An angle SUBTENDS a line segment when one end of the segment is on each of the legs of the angle.
If we are given an angle and a FIXED line segment XY, then the locus of the vertex is all points where point A can be located. This may be envisioned as moving the fixed angle so that each side slides along on end of the segment.
Physically moving the given angle is not a normal construction and it will help to determine what the locus should be and then develop a construction.
WHY IS THIS AN IMPORTANT CONSTRUCTION?
First, it is useful in accomplishing other constructions. Okay, that is an unsatisfactory answer . . .
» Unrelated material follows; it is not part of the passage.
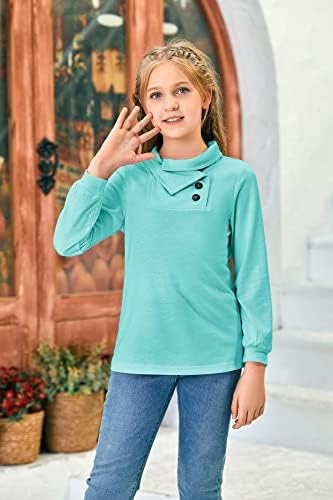 Geckatte meninas de manga comprida Camiseta de capota de capota de túnica de túnica casual pullover moletons de 5 a 14 anos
Second, it is part of the structure and pattern of the geometry of angles, segments, and circles. If we consider points A, X, and Y,
-- any three points determine a circle.
-- the segment XY is a chord of the the circle and the chord has the same endpoints as the arc.
-- the angle XAY is an inscribed angle of the circle
-- the inscribed angle theorem says that all angles subtending an arc of the circle have measure one-half of the central angle.
Third, the locus underlies ancient and modern navigation technologies. The lighthouse problem allows plotting an observation point (boat) on a map when the angles between light rays of pairs of lighthouses are determine. With only two lighthouses visible, the boat is somewhere along an arc. When three lighthouses are visible, we have two arcs determined and can plot the location of our boat on a map by determining the intersection.
Modern navigation systems such as the Global Positioning System (GPS) is much more sophisticated as three dimensional position is involved rather than two dimensions. Still, the underlying idea is the intersection of surfaces determined by measurements from a set of satellites.
Given a fixed angle and a fixed segment, determine the locus of the vertex of the angle as it subtends the segment.
Our problem becomes one of determing how to construct the arc of the circle.
To draw the circle we need to locate its center.
1. The center will lie along the perpendicular bisector of the chord XY.
2. The central angle will be twice the measure of the given angle.
Take the desired figure and see if we can find constructions from the given data -- a given angle and a given line segment.
From the line segment we can readily construct the midpoint and the perpendicular bisector. The center of our circle lines on that bisector.
The central angle is twice the measure of the subtending angle. We do not know where that center is yet so this does not reach a constructible action.
A perpendicular from X or Y would give a line parallel the line through the midpoint. The line from the the center to X would give a transversal of parallel lines.
Since we can construct a perpendiclar from X, we can now copy the given angle in the appropriatle location with one side along that perpendicular and the other side of the angle will intersect the perpendicular bisector of the segment at the center of the circle.
Now, we can do the construction. Begin with the segment XY. Construct the perpediculars from the midpoint and one end. Copy the angle along the end perpendicular and extend the other side to locate the center.
Construct a GSP file and a tool to generate the locus.
Click here for one such file. This one has flaws in the tools construction. We can do better.
This one may be better. Still has flaws.
The "flaws" in these GSP constructions are in the constructions work properly only for "good" data sets. Some input measures will not work properly. Moving the input points slightly may correct most problems.